バイスタンプで契約者の中に潜む悪魔を分離したものが第1段階。この状態の悪魔は、言葉はしゃべらない異形の怪物という設定。

コング・デッドマン
画像引用元:仮面ライダーリバイス

そしてその分離した悪魔を契約者に受胎させるのが上級契約のフェーズ2。ガチで怖い悪魔のデザインとなり、言葉もしゃべる。第1段階よりも知的な戦い方もする。

コング・デッドマン・フェーズ2
画像引用元:仮面ライダーリバイス

というのが、今回の悪魔デザインの基本設定らしい。

この設定からすると、一輝とバイスの関係は第1段階に近いのかも。バイスはしゃべりまくるけど。

いずれリバイとバイスが一つになって、名実ともに仮面ライダーリバイスとなるのが最終ゲノムだろうか? なんて予想を第1話の頃からしているけれど、なんといっても『ゼロワン』の第1話を見て、ラスボスは飛電其雄(父)ではないかと予想していた私であるから、全くあてにならない。

他人の心がわからないヒーロー

個人的に「神回」だと思っているこの第4話でも屈指の重要シーンがコレ。

一輝と幸実
画像引用元:仮面ライダーリバイス

考えるよりも先に身体が動くゆえに、考えすぎて動けなくなる弟・大二のことが理解できないという一輝に、母・幸実は「強い人間なんていない。他人の心に寄り添える人になりなさい」と語りかける。

これは、主人公である一輝が、このまま他人の心がわからないヒーローで良いのか? と疑問を抱いた杉原監督の希望で追加されたシーンらしい。実際、このシーンがあるのと無いのとでは、後の展開の説得力がまるで違う。

悪魔に身をやつした娘と母親を仲直りさせようとする一輝の「俺は日本一のお節介だからな」というセリフも、先ほどのシーンがあるから活きてくる。
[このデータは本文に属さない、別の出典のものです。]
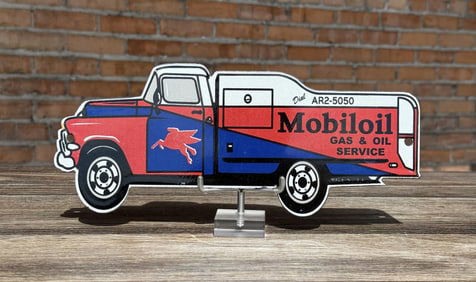 Mobiloil Gas & Oil Service Porcelain Truck Sign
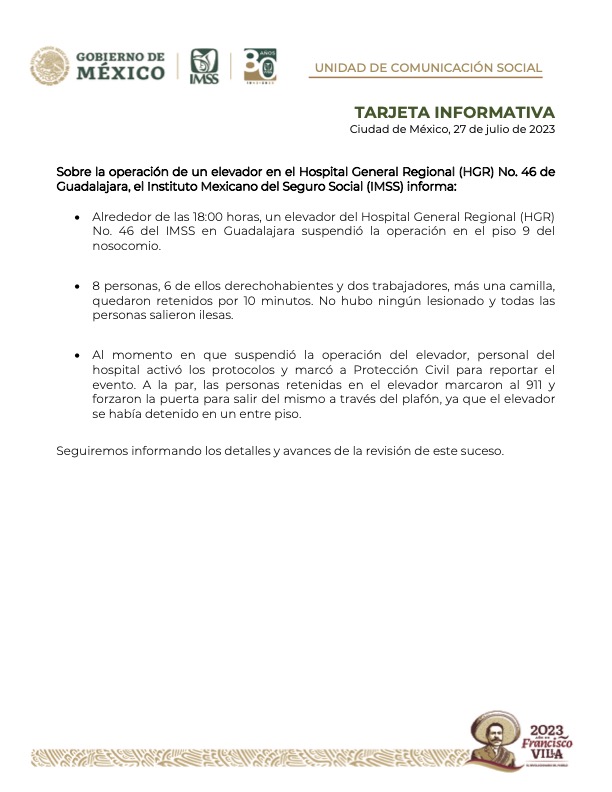 Otro elevador del IMSS deja a 8 personas atrapadas en hospital de Guadalajara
他人の気持ちも理解したうえで、それでも俺にはこれしかできないという意思表示。若干自虐的ではあるが、根底にあるのは他人のための想いであることがうかがえる。先ほどのシーンがなかったら、ただの自己満男でしかないという、絶妙なバランス。

それに、これまでのことを大二に謝り、「仮面ライダーをやる」と決意を示すシーンでも、大二の想いを汲み取ろうと考え抜いた、ということが伝わってくる。「俺しかできねーんなら、やるしかないっしょ?」みたいな俺様節は微塵も感じられない。
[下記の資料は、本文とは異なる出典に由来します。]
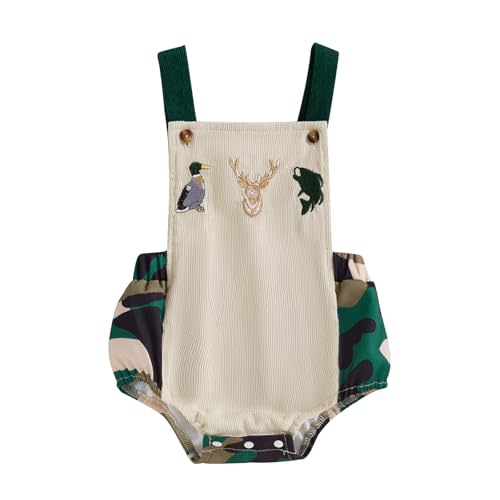 Kodaruber Newborn Baby Boy Hunting Clothes Animal Embroidery Romper Sleeveless Square Neck Overall Infant Summer Outfit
たった一つのシーンが、次々と名シーンを紡ぎ出した。名シーンのコンボだ。

「ぷよぷよ」でも「ストⅡ」でもコンボはやっぱり気持ちいい。

コングがピョンピョン跳んだワケ

実は本編の中で、フェーズ2となったコング・デッドマンがピョンピョンと街中を飛び跳ねていたシーンには違和感があった。

コング・デッドマン・フェーズ2が町中を飛び回る
画像引用元:仮面ライダーリバイス

ジャングルの木と木の間を跳び回るサルをTVで見たことはあるが、ゴリラが同じように飛び回るシーンなんて見たことも聞いたこともない。ひょっとしたら、もうゴリラじゃなくなったのかもしれない。耳も長いし、身体も細いし、まさかウサギか? とまで思っていたのだが、違う違うそうじゃない。

答えは実にシンプルで、当初はゴリラっぽく、校庭や公園にある遊具・雲梯(ウンテイ)を渡るような仕草をさせようとオーダーしたのに、映像編集の担当者が雲梯を知らなかったらしい。ビックリである。
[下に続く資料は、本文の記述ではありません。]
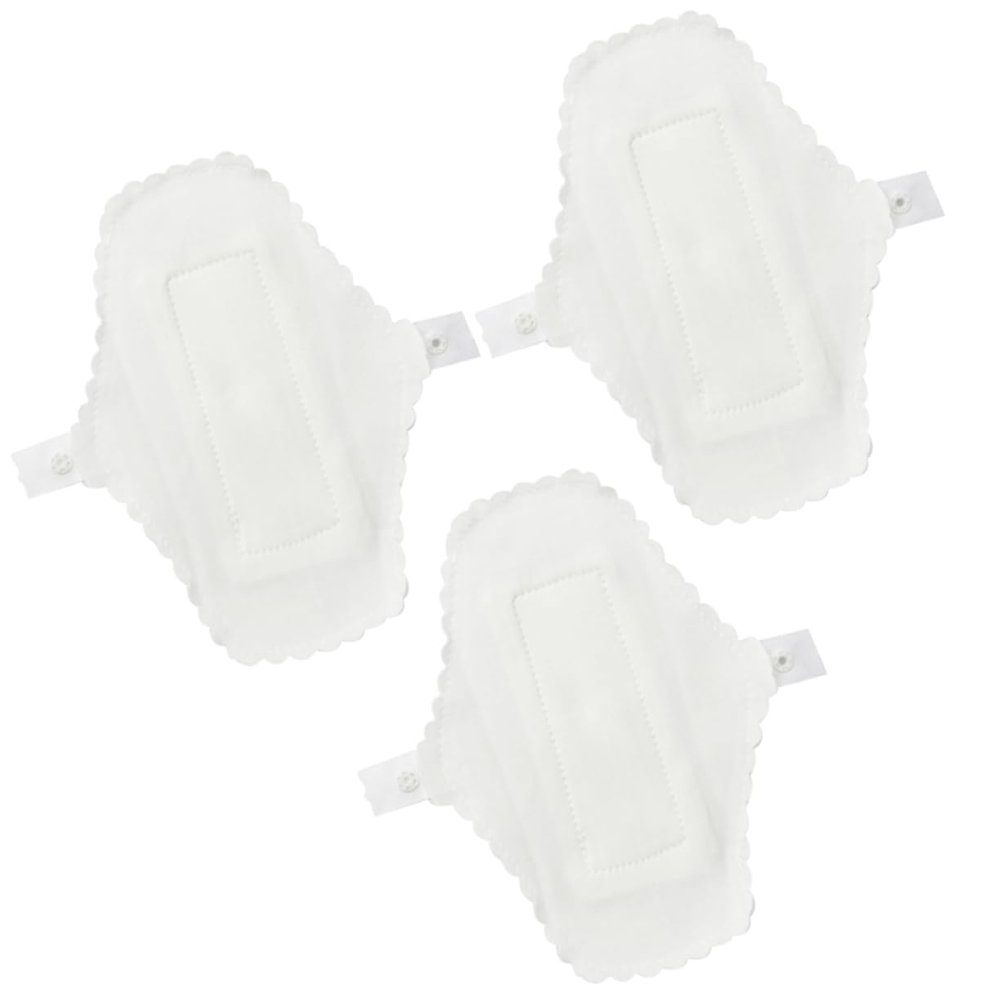 SECFOU 3pcs Reusable Washable Sanitary Pads Waterproof Cloth Menstrual Pads with Button for Travel Women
そこですぐに「じゃあ飛ばそう」と転換できる柔軟さはさすがだが、今は雲梯って珍しいのだろうか? 私が子供の頃は、あちこちで普通に見かけたものなのに。

家族のリアルを描く

「家族」をテーマの一つに掲げているだけあり、ここにはリアルな家族の姿が描かれている。家族の抱える問題と言い換えても良いかもしれない。

彩夏が悪魔に魂を売るのを止められなかった大二は、いつまでも煮え切らない兄・一輝のせいだと掴みかかる。

一輝につかみかかる大二
画像引用元:仮面ライダーリバイス

正論をぶつけられた一輝は、「じゃあ、お前が変身すればいいだろ!」と身も蓋もない言葉を浴びせてしまう。世界を守る男がする話ではない。思わず言ってはいけないことが口をついた、という感じ。ただの兄弟喧嘩だ。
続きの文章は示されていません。